July 15 (SeeNews) - Property investment volume in Romania rose 80% on the year to 340 million euro ($377 million) in the first half of the year, property and investment management services provider Jones Lang LaSalle (JLL) said on Friday.
Prospects for 2016 are positive given the projected economic growth of the country, one of the highest in Europe, JLL said in its half year report.
Bucharest accounted for close to 48% of the total property investment volume in the country in the first half of the year, while the central city of Sibiu came in second with 29% of the transactions.
According to the report, almost half of the market volumes were dominated by retail transactions, followed by office and industrial deals, which accounted for 38%, 17% respectively.
The largest buyer in the office market in the first quarter of the year was Bucharest-listed real estate investment trust (REIT) New Europe Property Investments [BSE:NEP], which acquired Sibiu Shopping City from the Argo group, for 100 million euro, the JLL report showed.

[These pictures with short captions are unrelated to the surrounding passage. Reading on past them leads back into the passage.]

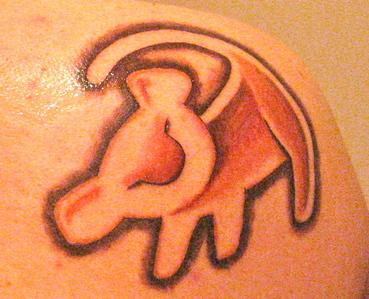  just had my old friend tattoo this on my right shoulder blade. when things come into place in my life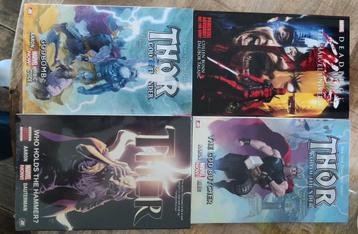 Diverse Comics Thor/Deadpool beschikbaar voor biedingen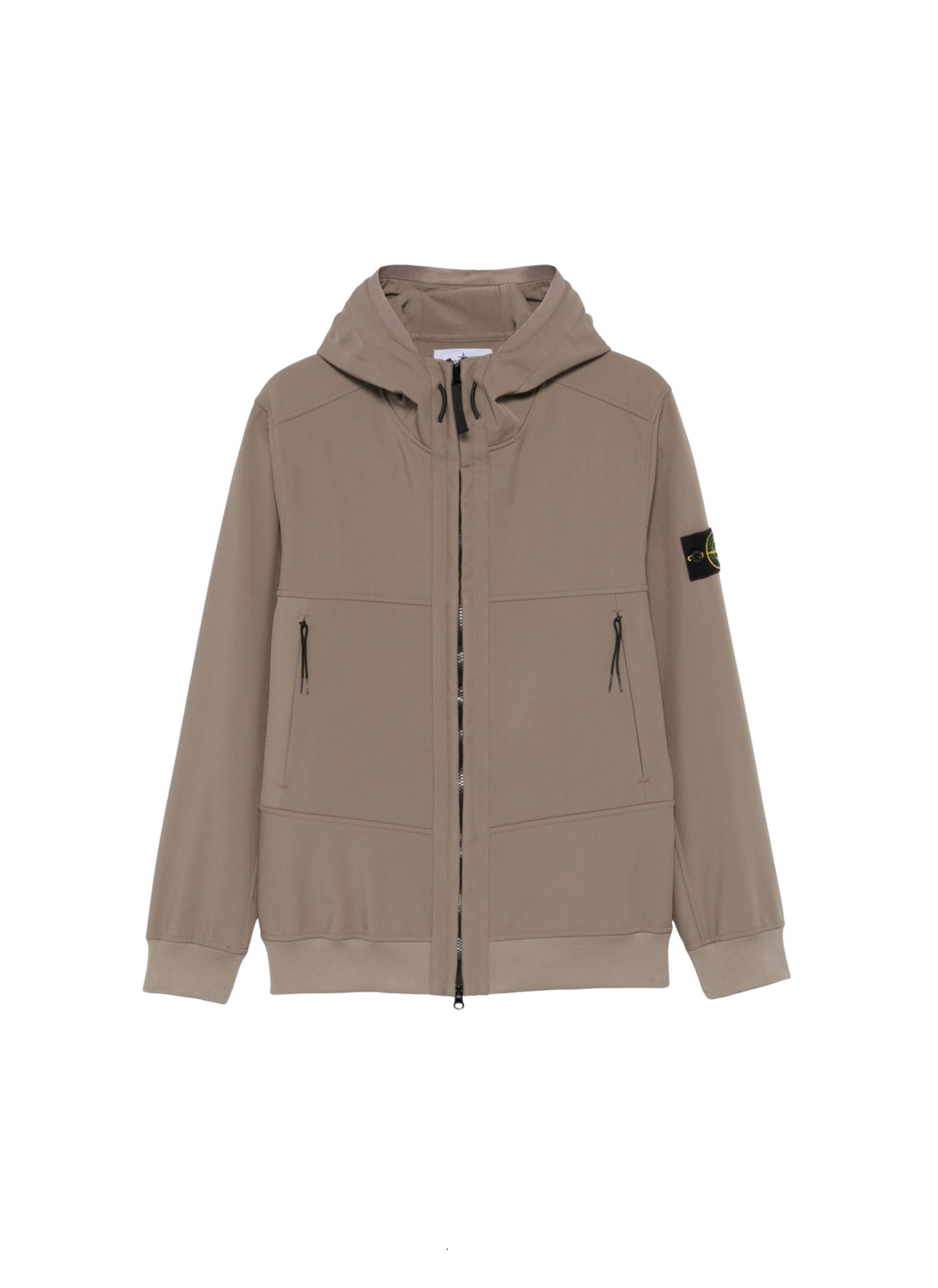 STONE ISLAND SOFT SHELL-R JACK WALNUT BRUIN - Vic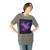 Luminous Cosmic Veil - Organic Staple T-shirt
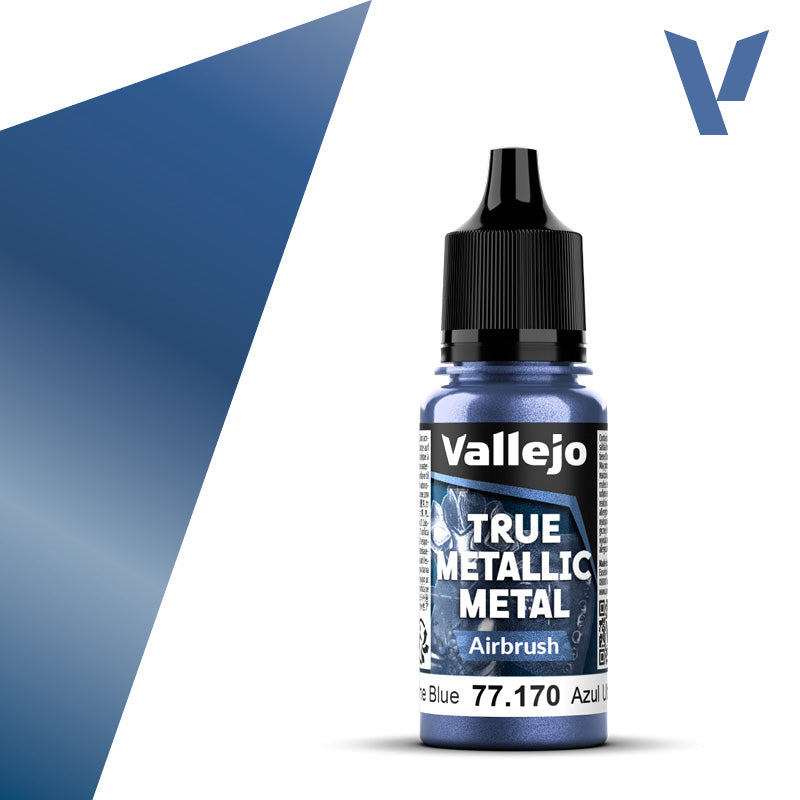 ✨ AÉROGRAPHE - Vallejo TMM True Metallic Metal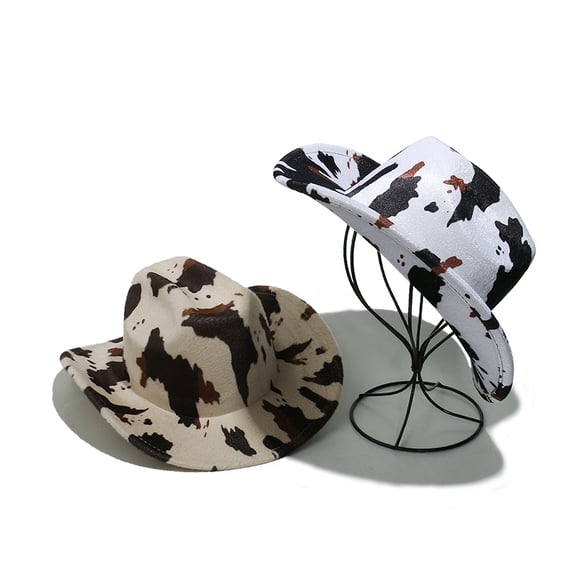1 Stück Simple Series Punk Animal Print Polyester Damenhüte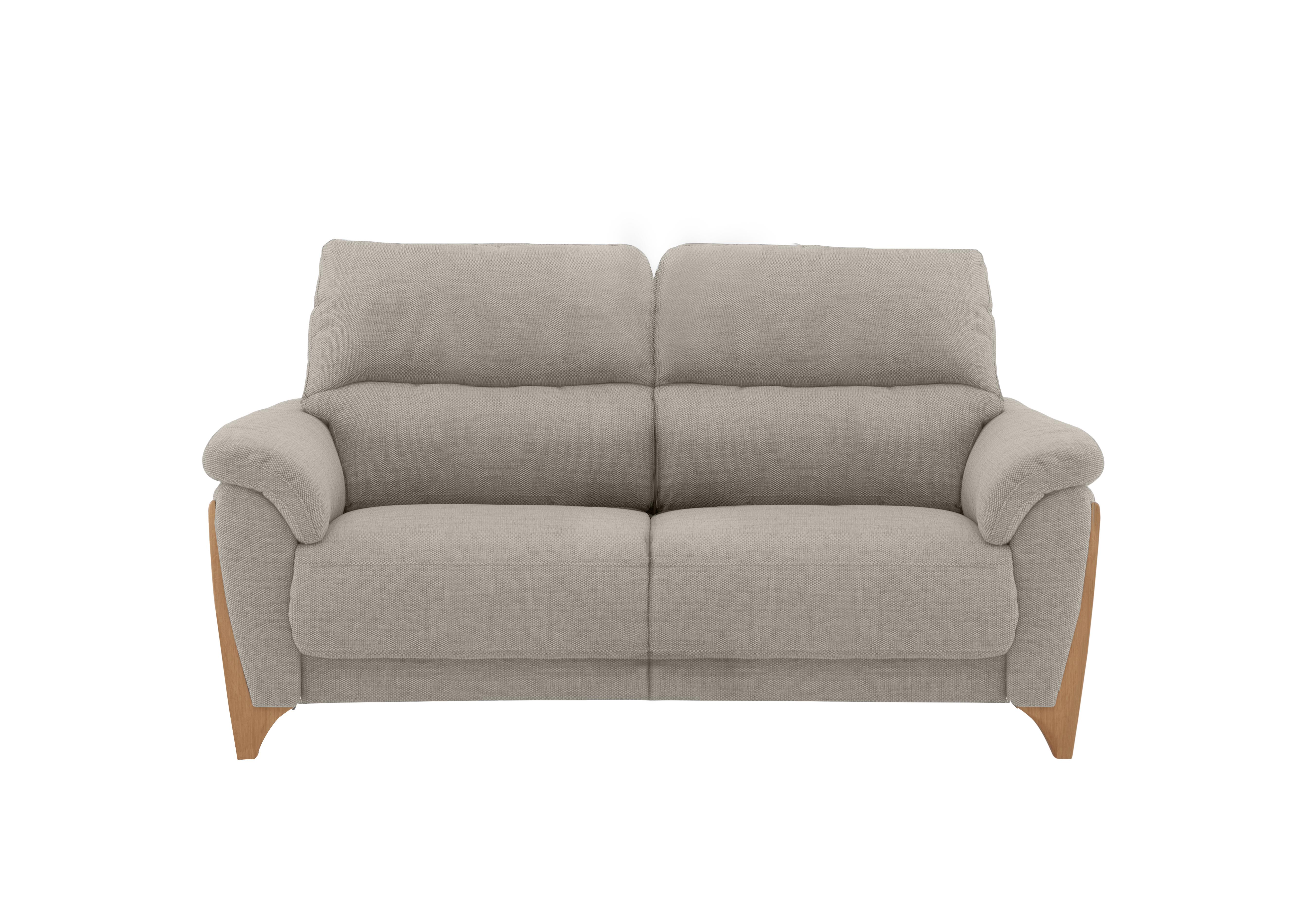 Enna Medium Fabric Power Recliner Sofa in P228 on Furniture Village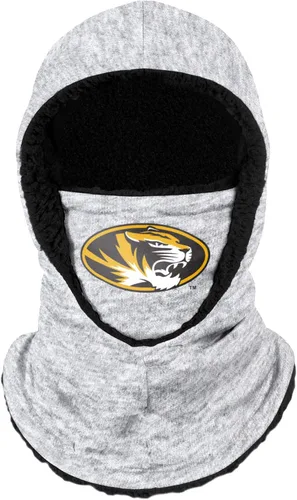 Vista 89 de FOCO NCAA womens Ncaa Team Logo Hooded Gaiter Balaclava Face Cover Negro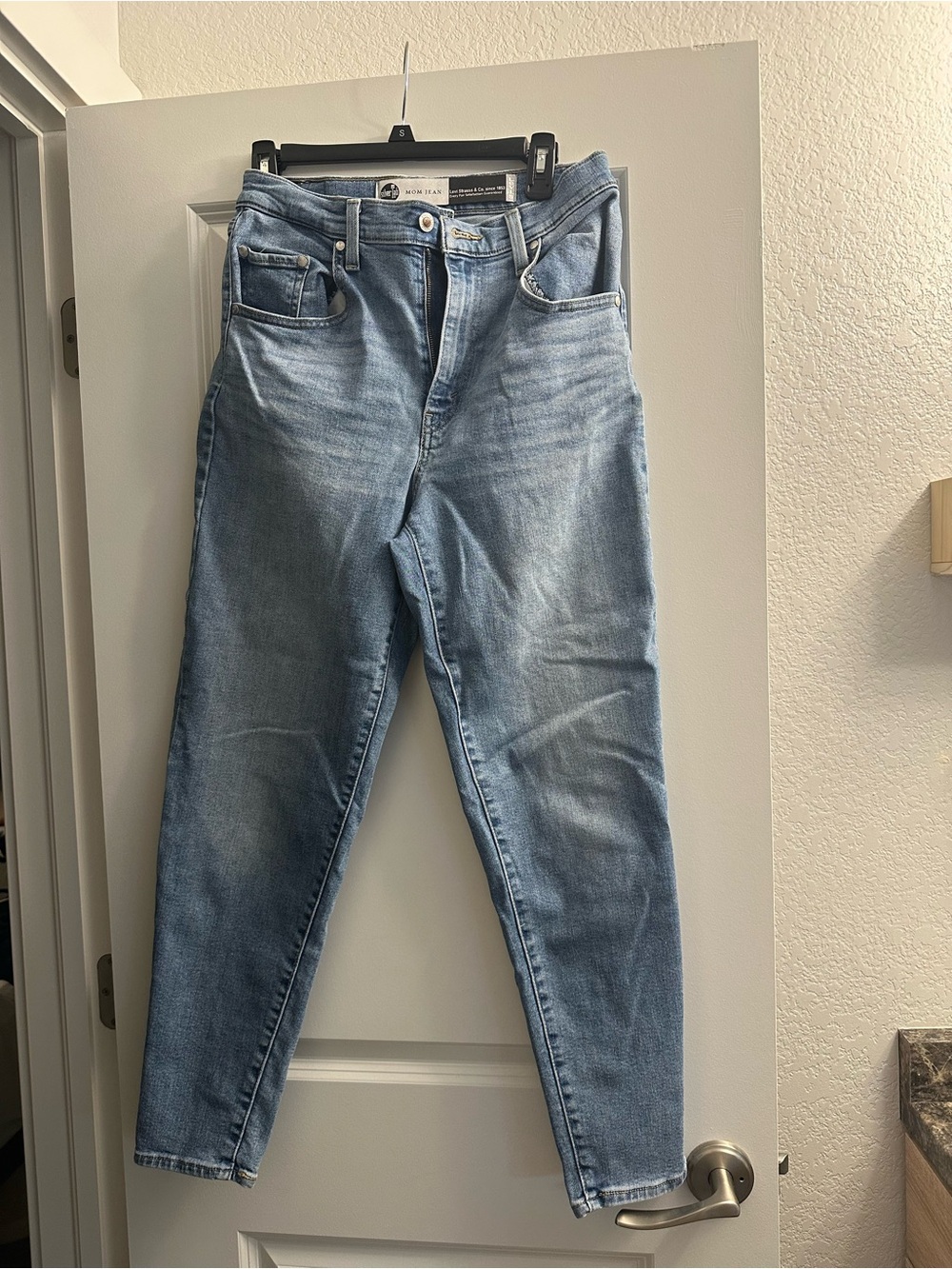Levi's Light Blue Straight Leg Jeans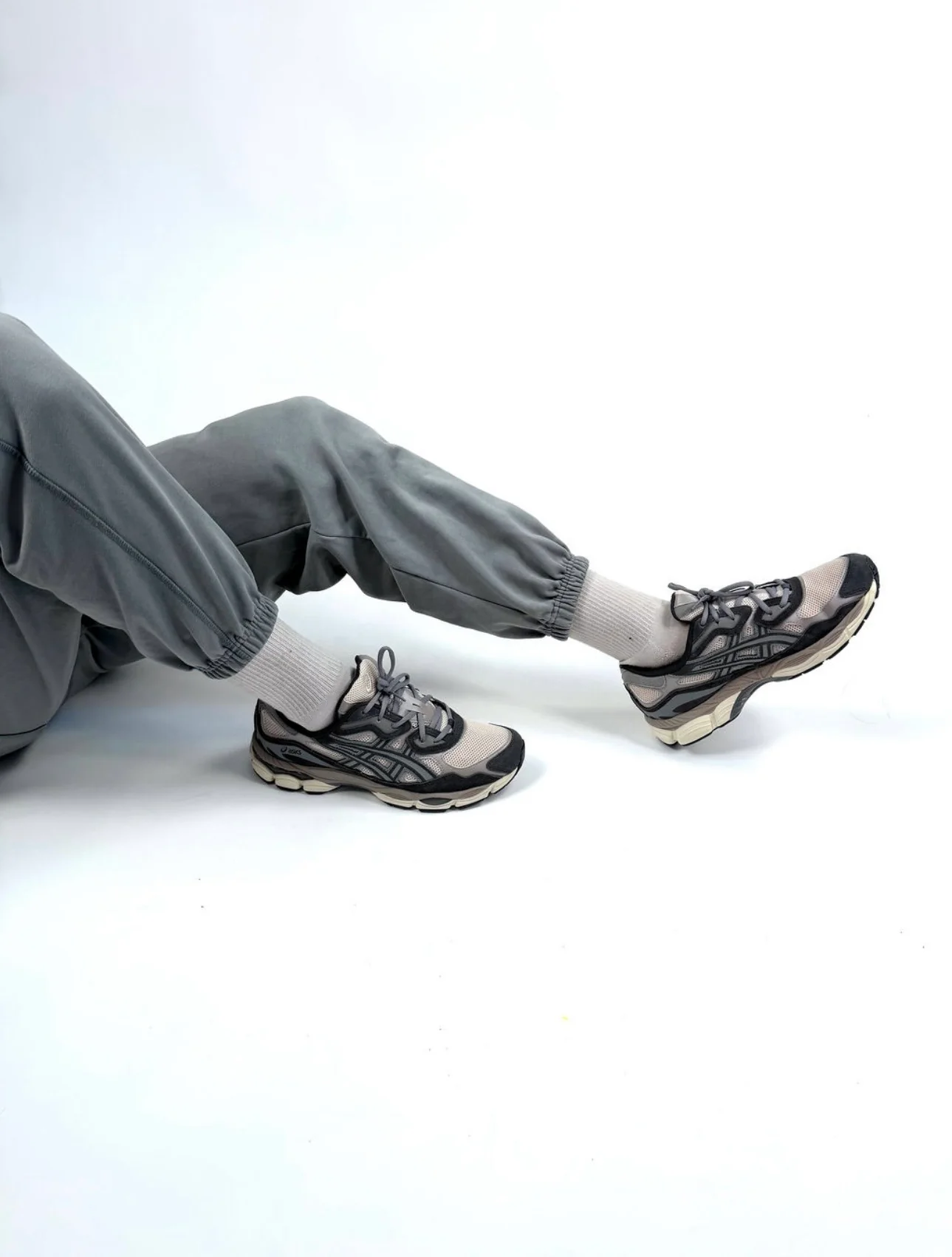 ASICS GEL-NYC 'Oatmeal Obsidian Grey' - Image 5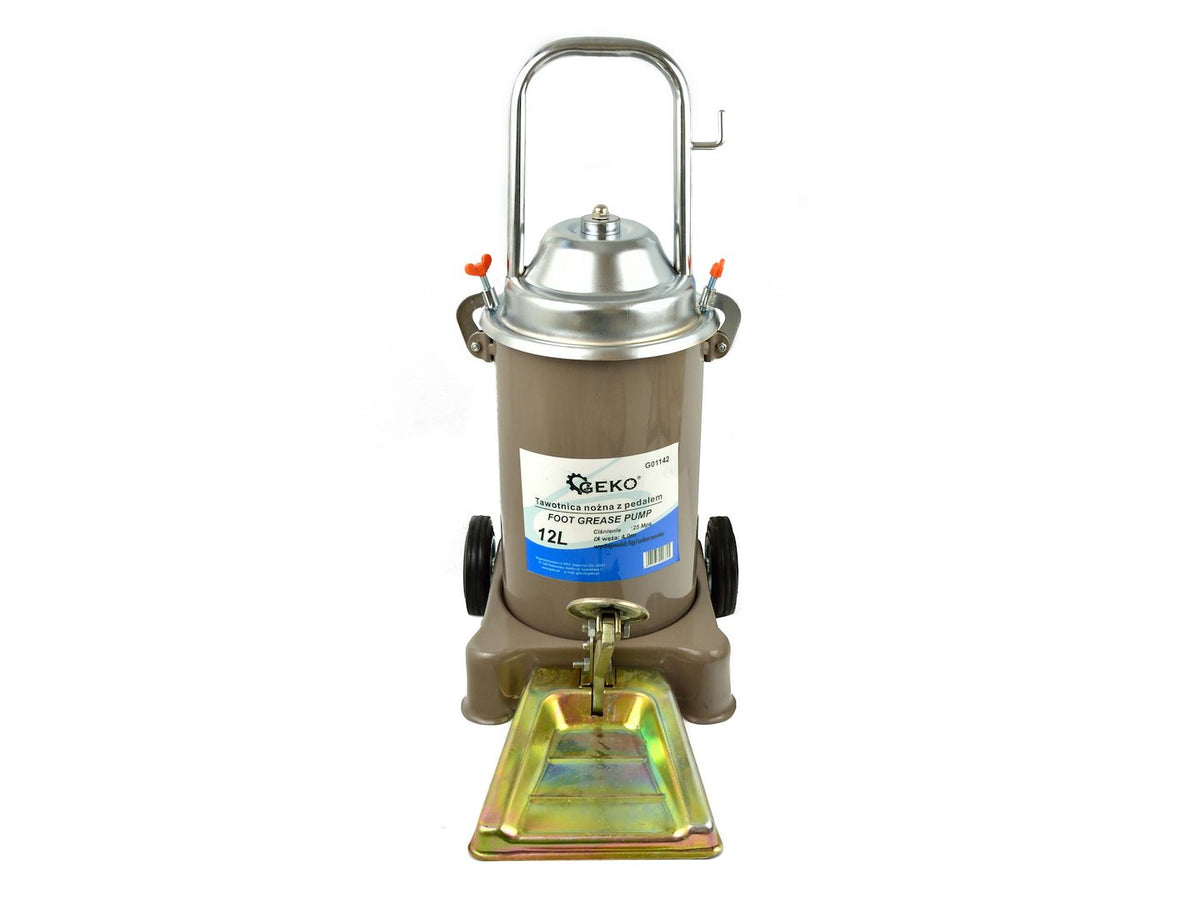 Pompa de gresat 12l cu furtun 4m GEKO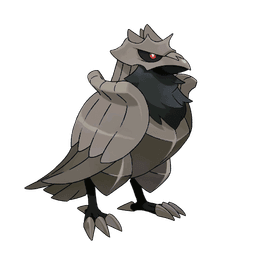 Corviknight shiny artwork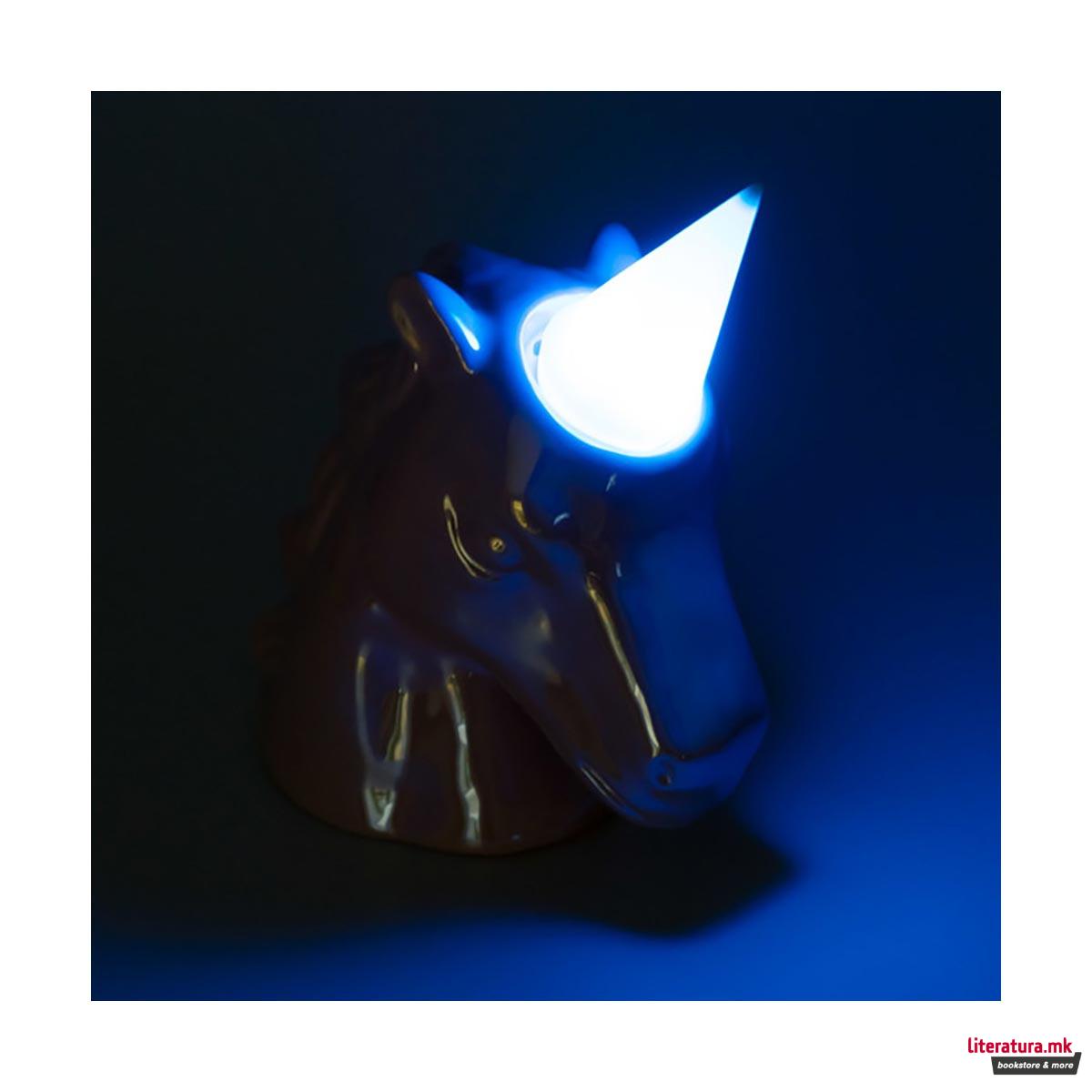 Касичка за пари со ламба, Unicorn, розева 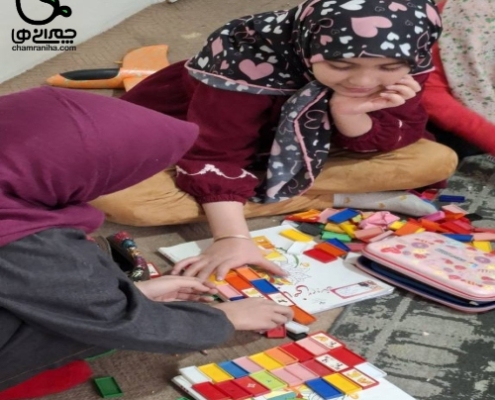 دخترهای کلاس سومی چمرانی، زمستان 1403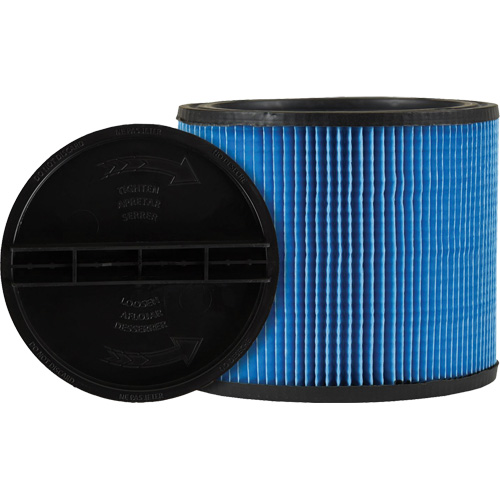Filtre pour aspirateur Ultra-Web, Cartouche, Pour 5 gal. US Nuna Depot Inc.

This represents the largest single asset deal outside of Bucharest since the economic crisis, JLL noted.
Also, the most notable office transaction was the consolidation of Polish real estate developer GTC’s position in City Gate through the acquisition of Bluehouse’s 40% stake.
Prime office yields are at 7.5% just 25bps away from retail yields (currently at 7.25%), while prime industrial yields are at 9.00%. Yields have compressed between 25 and 50 bps in the last 12 months, but no significant further compression is expected in the second half of 2016, JLL report showed.
"The macro-economic forecast for Romania looks positive, with GDP growth still holding at healthy 4.2% even following the results of the UK referendum. This should make the country one of Europe’s top performers in 2016," consultant Andrei Drosu said.
Also, given the availability of quality product, especially offices, coming to the market in the next 12 months and the still significant yield spread between Romania on one side and Poland or the Czech Republic on the other, investors should shift their attention to Romania and towards more core product within our market, he added.
Commenting on the pro-Brexit vote on the market, head of capital markets Silvana Badea said that the event should have little short to medium term impact on the Romanian economy, as long as the entire EU economy will not suffer any other unexpected shocks.
However, it is quite true that the Brexit effect might take a few months to settle in before a clear trend will emerge, she added.